Mr Brown and his advisers are on tenterhooks following last night's one hour party political broadcast on ITV where the prime minister talked openly about his love of smiling and the challenges of being a father, a husband and a superhero with the powers of a giant, radioactive spider.

Speaking to some fat-faced prick, Mr Brown revealed:

  • That he was a terribly clever little boy and the best junior tennis player in all of Kirkcaldy.

  • That he likes things that you like and dislikes things that you don't like.

  • That he waited until John Smith had almost stopped breathing before he phoned Tony Blair to ask for his support.
  • That he and his family do normal things, like walks in the park, swimming lessons and tying Alistair Darling to a chair and stubbing out cigarettes in the palm of his hand.

But across Britain opinion was split. Bill McKay, an engineer from Grantham, said: "I had no idea he had lost the sight in one eye while playing rugby, that it changed him forever and gave him the courage and determination needed to be prime minister. No, sorry, come to think of it, I actually fucking did."

Emma Bradford, a housewife from Doncaster, said: "These sorts of interviews don't have much effect on me as I don't like to think of politicians as people.

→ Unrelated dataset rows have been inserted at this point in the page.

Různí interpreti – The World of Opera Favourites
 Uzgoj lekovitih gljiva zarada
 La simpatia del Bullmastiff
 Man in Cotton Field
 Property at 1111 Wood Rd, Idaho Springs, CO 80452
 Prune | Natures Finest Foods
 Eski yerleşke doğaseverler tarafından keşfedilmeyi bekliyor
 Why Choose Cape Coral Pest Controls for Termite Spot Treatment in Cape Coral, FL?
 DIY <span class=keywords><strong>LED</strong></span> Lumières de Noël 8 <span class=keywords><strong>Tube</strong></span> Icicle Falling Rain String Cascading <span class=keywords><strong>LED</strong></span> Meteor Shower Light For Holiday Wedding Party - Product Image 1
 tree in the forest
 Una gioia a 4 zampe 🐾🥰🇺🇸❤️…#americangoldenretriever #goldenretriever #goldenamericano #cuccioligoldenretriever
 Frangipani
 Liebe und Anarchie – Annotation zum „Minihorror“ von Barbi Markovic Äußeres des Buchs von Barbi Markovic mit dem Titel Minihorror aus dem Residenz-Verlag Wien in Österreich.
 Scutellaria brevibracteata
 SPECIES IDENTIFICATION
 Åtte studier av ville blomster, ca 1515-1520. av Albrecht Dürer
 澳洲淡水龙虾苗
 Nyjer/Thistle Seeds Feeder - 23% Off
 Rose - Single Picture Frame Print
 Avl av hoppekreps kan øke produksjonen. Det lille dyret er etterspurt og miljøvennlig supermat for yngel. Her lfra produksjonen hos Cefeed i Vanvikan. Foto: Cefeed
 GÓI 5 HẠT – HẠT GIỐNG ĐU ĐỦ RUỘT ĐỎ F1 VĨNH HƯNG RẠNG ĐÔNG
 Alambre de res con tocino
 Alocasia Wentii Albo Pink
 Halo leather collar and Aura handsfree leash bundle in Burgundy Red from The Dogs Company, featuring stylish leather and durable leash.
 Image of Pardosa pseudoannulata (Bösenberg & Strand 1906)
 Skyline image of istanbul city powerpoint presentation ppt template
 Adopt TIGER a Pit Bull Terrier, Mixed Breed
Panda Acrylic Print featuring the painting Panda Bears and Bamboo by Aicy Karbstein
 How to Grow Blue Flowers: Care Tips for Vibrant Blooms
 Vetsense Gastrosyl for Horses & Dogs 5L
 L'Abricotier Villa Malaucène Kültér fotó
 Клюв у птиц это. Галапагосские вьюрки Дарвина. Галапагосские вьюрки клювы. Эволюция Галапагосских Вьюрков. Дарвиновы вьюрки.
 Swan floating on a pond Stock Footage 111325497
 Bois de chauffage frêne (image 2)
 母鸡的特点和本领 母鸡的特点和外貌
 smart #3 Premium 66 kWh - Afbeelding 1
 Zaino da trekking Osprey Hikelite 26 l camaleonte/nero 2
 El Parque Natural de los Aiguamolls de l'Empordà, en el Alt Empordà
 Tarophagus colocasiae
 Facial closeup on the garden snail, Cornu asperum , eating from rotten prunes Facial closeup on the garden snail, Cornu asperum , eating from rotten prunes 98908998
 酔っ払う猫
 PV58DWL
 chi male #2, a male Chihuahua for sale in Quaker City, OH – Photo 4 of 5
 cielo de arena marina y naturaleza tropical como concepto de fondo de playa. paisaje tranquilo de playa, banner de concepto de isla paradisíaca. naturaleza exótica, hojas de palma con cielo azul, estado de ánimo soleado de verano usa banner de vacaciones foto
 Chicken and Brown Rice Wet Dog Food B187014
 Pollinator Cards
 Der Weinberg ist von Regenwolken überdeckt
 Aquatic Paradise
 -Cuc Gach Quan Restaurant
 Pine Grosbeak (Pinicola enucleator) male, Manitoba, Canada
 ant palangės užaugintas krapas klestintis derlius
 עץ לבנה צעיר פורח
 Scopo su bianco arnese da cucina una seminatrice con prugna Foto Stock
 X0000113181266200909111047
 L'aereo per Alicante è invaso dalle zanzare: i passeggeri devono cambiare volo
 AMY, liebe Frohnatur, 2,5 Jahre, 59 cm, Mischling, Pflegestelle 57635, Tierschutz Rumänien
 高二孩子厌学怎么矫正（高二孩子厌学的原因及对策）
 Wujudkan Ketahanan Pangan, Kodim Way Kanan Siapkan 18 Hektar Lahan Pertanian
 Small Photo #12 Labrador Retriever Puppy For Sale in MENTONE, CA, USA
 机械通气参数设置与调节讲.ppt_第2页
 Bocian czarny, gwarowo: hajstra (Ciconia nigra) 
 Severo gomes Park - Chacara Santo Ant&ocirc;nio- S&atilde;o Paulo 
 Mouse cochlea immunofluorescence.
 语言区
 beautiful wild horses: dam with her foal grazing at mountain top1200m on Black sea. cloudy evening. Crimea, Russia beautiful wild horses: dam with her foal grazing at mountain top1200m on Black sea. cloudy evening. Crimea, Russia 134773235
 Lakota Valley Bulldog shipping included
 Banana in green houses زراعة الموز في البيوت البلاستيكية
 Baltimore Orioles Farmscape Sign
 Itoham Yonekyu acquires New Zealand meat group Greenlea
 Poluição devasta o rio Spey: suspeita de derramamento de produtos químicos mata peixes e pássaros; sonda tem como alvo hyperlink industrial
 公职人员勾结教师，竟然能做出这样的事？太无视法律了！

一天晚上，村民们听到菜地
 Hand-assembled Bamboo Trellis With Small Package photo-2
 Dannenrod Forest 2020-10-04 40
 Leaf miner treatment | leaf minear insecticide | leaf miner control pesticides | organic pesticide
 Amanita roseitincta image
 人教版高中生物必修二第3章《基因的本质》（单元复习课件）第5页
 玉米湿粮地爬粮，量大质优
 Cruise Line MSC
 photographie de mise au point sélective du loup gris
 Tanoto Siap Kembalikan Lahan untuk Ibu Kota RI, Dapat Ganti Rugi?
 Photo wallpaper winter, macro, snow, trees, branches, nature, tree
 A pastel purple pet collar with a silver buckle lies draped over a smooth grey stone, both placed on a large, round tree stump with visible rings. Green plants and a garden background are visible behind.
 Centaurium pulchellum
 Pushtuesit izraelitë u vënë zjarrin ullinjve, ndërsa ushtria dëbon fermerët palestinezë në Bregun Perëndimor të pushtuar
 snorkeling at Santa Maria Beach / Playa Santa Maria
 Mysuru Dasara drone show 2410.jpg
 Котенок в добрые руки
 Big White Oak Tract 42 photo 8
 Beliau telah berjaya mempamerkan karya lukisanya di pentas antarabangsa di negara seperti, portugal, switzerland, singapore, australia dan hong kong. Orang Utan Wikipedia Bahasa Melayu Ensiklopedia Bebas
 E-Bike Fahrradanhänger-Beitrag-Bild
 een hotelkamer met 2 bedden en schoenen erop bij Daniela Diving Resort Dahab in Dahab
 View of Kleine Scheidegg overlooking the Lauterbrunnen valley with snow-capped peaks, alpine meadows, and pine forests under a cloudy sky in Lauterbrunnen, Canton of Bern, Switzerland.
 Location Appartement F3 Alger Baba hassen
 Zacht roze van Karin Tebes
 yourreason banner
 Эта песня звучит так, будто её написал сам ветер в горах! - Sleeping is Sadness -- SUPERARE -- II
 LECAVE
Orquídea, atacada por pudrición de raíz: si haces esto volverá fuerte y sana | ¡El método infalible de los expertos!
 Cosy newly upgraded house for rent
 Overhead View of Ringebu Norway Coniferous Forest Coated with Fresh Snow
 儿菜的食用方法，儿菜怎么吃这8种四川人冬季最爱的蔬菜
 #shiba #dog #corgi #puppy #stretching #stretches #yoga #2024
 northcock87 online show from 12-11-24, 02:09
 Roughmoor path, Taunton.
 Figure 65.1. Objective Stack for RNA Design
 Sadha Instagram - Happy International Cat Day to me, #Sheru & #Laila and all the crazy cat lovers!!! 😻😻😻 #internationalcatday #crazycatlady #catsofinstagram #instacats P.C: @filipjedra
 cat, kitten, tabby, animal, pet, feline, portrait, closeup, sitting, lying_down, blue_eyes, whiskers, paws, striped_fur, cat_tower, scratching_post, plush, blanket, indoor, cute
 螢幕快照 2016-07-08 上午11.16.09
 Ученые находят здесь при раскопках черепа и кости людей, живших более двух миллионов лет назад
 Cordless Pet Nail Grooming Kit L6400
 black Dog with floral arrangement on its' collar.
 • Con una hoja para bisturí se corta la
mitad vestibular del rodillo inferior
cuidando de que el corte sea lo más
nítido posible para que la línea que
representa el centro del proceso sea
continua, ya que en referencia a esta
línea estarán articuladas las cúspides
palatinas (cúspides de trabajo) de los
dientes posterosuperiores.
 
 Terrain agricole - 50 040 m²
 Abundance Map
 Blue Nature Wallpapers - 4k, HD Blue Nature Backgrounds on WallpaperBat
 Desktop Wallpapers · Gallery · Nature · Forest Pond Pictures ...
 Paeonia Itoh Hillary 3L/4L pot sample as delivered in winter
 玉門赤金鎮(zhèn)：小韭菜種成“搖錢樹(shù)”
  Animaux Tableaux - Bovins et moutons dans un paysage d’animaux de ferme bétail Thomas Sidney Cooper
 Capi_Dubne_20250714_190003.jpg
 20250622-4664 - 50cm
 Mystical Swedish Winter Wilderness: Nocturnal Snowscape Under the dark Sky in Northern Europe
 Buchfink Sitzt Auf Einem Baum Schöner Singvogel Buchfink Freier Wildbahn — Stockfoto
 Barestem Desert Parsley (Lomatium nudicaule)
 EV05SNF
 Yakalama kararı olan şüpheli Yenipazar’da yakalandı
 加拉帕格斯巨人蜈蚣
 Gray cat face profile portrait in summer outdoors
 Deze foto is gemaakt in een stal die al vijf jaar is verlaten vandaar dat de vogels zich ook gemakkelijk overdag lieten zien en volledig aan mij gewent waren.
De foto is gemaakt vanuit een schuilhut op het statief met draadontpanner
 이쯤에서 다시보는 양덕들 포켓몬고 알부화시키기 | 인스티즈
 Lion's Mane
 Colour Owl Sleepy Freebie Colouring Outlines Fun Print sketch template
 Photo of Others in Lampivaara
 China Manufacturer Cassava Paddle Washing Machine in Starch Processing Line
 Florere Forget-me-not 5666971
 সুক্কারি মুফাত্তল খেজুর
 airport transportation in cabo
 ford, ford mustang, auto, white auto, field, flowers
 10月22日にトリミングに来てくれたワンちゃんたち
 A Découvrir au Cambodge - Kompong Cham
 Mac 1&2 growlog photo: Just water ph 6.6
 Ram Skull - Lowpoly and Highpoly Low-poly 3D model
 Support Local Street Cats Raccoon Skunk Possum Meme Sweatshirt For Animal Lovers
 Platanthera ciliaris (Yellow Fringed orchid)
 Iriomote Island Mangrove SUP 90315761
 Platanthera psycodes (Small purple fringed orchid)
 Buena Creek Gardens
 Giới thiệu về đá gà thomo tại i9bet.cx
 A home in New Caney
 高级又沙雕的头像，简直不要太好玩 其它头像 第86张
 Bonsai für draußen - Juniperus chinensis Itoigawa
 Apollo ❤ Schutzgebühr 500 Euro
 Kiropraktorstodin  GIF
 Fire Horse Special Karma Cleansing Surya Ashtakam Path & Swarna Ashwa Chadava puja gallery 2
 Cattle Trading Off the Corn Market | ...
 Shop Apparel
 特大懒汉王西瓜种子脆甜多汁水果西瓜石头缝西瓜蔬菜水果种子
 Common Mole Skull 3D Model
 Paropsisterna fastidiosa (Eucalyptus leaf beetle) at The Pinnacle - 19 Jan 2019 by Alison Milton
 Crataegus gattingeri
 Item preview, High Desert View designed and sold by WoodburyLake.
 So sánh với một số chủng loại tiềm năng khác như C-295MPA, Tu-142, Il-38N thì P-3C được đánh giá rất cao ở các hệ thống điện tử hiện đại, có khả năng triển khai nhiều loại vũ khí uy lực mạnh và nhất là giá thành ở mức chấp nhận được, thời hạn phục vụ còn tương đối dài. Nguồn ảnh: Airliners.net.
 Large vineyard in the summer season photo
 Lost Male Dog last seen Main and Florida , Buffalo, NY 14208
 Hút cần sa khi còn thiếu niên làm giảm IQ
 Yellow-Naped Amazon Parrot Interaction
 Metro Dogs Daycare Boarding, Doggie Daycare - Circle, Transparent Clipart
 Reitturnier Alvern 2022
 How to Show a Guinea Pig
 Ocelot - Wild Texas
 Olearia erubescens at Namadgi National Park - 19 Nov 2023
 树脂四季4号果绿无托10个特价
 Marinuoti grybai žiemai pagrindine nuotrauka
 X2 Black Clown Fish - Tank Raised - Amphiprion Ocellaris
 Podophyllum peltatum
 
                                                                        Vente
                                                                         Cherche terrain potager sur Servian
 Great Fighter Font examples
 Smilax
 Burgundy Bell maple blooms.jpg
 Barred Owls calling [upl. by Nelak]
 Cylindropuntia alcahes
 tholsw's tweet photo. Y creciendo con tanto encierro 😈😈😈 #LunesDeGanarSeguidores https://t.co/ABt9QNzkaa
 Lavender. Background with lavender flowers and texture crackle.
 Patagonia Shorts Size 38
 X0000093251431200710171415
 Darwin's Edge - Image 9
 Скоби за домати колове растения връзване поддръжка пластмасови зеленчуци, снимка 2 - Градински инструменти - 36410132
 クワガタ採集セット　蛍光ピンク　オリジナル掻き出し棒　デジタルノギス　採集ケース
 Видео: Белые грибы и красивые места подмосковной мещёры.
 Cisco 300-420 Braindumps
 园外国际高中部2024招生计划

I find it helps to contain my murderous rage.

"But, of course, there is always the rampant possibility that the people of Britain are as cretinous as the people who run television. Oh and by the way Mr ITV, we only watch the fat-faced prick when there is nothing else on."

Margaret Gerving, a retired headmistress from Guildford, added: "I thought it was a fascinating insight into what makes Gordon Brown tick, though I did keep waiting for the fat-faced prick to ask him why he decided to fuck Britain right up the shitter."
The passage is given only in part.